**Task:** Retype only the lines below from the one with "Audi A6, 2013" to the one with "Stefano Pioli: Sezon", inclusive, skipping every image.

**Input material:**
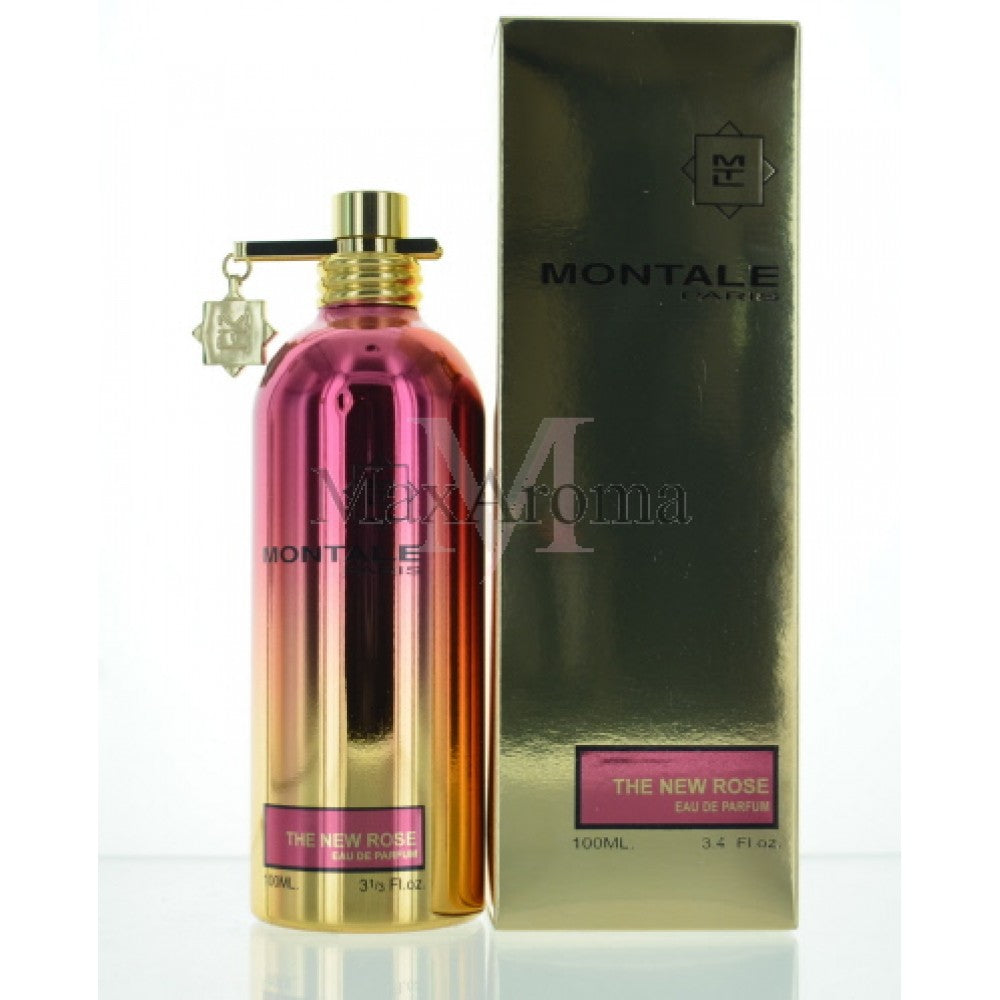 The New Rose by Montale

...

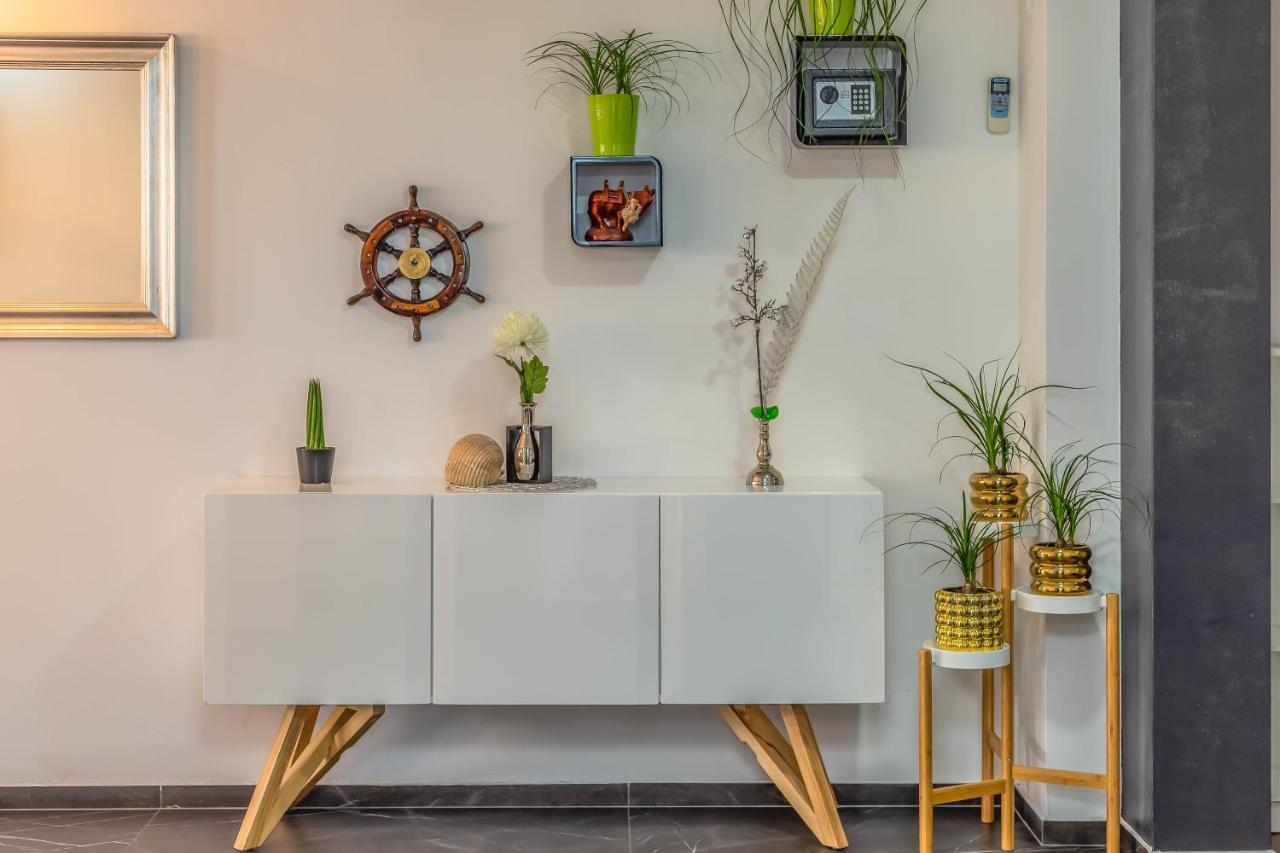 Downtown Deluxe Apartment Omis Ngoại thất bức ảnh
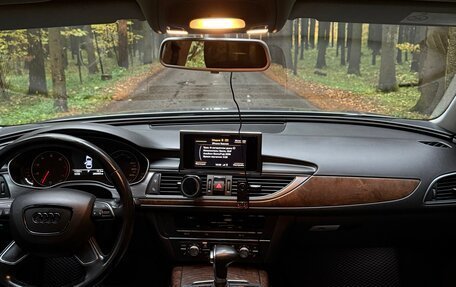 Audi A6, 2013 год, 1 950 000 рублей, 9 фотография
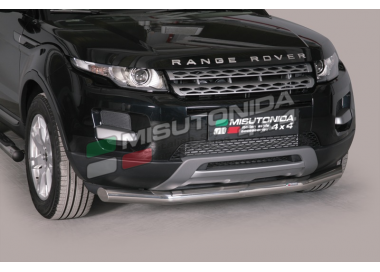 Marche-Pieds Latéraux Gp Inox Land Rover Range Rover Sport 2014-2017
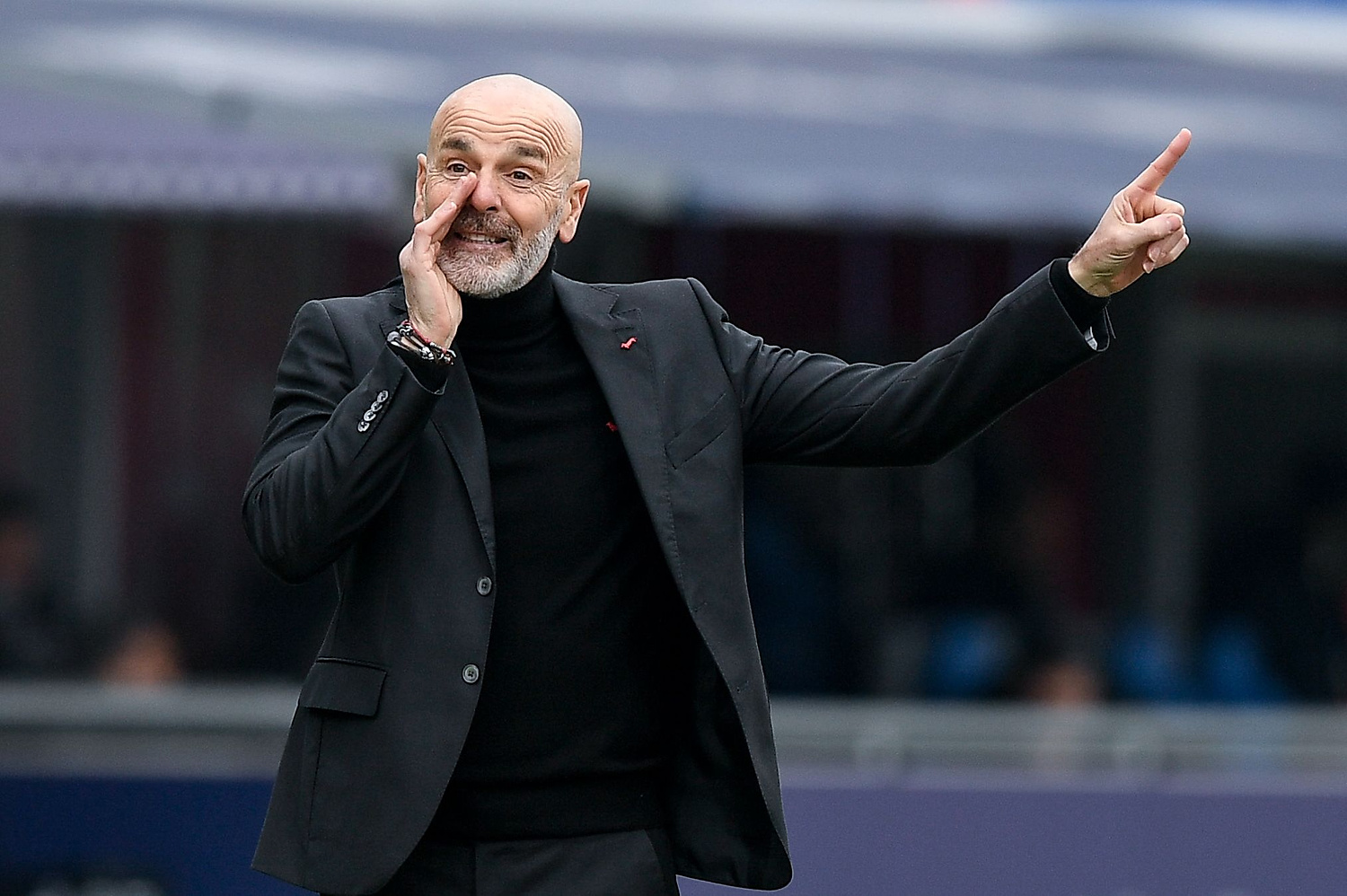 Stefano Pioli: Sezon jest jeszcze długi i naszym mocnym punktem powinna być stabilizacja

**Result of the exercise:**
 Audi A6, 2013 год, 1 950 000 рублей, 9 фотография
 Marche-Pieds Latéraux Gp Inox Land Rover Range Rover Sport 2014-2017
 Stefano Pioli: Sezon jest jeszcze długi i naszym mocnym punktem powinna być stabilizacja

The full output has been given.